False. It isn’t a vector of length 1 - it is a vector of dimension 1 and its magnitude is 5 ! -5 and 5 as vectors belonging to R^1 have the same magnitude - but assuming we use the Cartesian coordinate system - they are anti-parallel so the vectors -5 and 5 added give the 0 vector!
Great work, but don’t we have to examine that an object is non-empty to verify that it’s a vector space in addition to closures of addition and scalar multiplication?

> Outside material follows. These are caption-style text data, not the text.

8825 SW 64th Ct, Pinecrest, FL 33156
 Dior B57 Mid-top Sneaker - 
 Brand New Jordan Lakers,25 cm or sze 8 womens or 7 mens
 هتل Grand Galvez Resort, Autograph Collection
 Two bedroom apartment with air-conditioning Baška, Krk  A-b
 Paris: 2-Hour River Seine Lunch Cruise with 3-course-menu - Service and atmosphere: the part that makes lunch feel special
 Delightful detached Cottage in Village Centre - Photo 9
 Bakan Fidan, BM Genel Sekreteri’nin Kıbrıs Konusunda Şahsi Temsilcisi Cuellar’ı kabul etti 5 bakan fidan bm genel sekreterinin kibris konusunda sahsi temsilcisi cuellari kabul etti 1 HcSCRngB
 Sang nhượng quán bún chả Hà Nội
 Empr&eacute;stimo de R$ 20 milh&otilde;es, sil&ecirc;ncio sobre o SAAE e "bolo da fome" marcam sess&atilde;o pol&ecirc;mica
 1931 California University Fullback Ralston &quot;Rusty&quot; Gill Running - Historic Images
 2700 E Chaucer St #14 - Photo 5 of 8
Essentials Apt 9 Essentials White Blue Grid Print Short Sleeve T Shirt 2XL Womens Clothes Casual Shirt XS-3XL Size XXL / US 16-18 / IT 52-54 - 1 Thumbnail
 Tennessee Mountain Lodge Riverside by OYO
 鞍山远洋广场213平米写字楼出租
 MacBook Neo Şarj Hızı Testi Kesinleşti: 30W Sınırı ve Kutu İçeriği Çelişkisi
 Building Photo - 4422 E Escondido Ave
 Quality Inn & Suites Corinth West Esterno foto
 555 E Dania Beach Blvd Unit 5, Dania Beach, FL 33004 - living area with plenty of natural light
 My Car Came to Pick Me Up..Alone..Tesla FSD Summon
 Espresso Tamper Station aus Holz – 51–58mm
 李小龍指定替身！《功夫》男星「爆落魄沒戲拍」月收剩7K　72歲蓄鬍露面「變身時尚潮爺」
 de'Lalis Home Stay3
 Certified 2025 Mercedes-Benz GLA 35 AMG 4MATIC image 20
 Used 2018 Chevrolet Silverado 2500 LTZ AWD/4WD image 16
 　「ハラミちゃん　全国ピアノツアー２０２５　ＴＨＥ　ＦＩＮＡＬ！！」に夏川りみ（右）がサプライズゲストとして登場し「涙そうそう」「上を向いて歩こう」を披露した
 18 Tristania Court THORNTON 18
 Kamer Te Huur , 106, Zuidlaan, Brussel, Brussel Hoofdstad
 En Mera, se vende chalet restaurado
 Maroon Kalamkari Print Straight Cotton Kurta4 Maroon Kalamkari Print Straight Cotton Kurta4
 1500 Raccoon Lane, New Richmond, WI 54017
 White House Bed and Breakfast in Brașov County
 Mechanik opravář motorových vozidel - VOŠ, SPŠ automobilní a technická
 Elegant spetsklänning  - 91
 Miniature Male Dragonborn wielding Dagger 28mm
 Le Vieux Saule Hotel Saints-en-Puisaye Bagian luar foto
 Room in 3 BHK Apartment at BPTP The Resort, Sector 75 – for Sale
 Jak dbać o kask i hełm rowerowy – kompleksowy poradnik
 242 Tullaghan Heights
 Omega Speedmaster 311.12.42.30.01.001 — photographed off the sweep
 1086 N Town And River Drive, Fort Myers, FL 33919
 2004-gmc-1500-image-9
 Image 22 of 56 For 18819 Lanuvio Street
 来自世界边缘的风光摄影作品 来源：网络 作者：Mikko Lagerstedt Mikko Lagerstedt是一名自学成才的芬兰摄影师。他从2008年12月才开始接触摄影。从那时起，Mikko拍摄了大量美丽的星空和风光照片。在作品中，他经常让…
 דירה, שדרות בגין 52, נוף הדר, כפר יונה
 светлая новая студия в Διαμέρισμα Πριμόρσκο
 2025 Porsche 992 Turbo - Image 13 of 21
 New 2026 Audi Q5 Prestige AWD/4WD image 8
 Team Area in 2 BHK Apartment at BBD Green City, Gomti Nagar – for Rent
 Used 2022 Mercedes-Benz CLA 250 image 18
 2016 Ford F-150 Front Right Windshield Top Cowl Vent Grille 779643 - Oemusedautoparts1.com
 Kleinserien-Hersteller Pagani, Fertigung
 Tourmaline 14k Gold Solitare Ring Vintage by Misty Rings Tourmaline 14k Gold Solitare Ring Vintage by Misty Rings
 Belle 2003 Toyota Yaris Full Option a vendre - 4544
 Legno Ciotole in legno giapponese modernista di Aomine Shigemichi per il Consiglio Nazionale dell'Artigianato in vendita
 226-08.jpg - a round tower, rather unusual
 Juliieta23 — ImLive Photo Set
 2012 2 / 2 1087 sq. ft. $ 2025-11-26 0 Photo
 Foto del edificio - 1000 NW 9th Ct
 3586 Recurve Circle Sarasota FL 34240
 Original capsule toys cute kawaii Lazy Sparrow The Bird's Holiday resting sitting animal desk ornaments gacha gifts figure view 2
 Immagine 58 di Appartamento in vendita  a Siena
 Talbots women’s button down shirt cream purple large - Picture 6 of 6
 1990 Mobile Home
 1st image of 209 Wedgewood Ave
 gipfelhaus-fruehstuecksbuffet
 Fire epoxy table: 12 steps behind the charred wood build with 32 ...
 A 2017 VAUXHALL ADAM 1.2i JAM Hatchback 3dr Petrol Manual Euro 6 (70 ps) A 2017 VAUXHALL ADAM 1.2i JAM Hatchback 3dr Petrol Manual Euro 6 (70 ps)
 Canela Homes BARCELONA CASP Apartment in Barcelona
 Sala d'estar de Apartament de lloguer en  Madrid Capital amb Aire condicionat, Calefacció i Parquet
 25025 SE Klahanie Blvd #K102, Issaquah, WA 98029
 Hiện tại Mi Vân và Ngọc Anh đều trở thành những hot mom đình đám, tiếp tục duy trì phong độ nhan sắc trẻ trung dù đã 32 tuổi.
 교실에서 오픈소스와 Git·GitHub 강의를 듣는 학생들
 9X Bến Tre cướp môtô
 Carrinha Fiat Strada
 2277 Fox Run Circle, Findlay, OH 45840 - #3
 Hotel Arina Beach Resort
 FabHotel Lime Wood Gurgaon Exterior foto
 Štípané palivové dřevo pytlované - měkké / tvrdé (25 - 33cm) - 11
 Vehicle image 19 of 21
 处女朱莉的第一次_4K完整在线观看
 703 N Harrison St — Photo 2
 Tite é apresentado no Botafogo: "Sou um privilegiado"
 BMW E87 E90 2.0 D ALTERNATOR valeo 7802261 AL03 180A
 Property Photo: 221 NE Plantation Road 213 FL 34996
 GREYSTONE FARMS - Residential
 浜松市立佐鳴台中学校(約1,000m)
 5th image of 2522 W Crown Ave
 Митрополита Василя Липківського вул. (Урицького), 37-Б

The axioms requiring the existence of a 0-vector ensures that your set is nonempty. You may be confusing the concept of a general vector space with the subspace test. If you have a known vector space V and you have a subset W of V, how do you know whether or not W is a vector space (under the same vector addition and scalar multiplication as V) on its own? Since W shares the same operations as V, W inherits many of the axioms of a vector space from V being a vector space. The only ones which are not guaranteed are the two closure axioms and the existence of a 0-vector. Because 0v = 0-vector for all vectors v in V, it turns out that showing W has the 0-vector is equivalent to showing W is nonempty, provided you know W is closed under scalar multiplication. So you can replace "closed under addition and scalar multiplication and has the 0-vector" with "closed under addition and scalar multiplication and is nonempty". But as I pointed out, the above paragraph is the test of a subset of a known vector space being a subspace. If you have a set with an addition operation and a scalar multiplication operation, but if you don't know it's a subset of a known vector space with the same operations as that known vector space, then you have to check all of the vector space axioms.
6:01 if a2=-a1, then the resulting linear equation would be a1x+b1+a2x+b2 --> a1x-a1x+b1+b2 = b1+b2 which is not contained in the set of linear polynomials. Does that mean it is not a vector space?
it's getting abstract. the laws on vector spaces 1:43 are not defined arbitrarily if some might think. They form an algebraic 'Field'. these rules are the same like when calculating with 'real numbers' (actually just what school math is about)
No, it does not form a field. Vectors have only one binary operation defined on them, that being addition (necessarily, you can of course define an inner product and other operations); fields require two. The vector set is instead an Abelian group. The product you see is between scalars and vectors. The scalars themselves must form a field. Together, the two sets form a vector space. This is distinct from a field.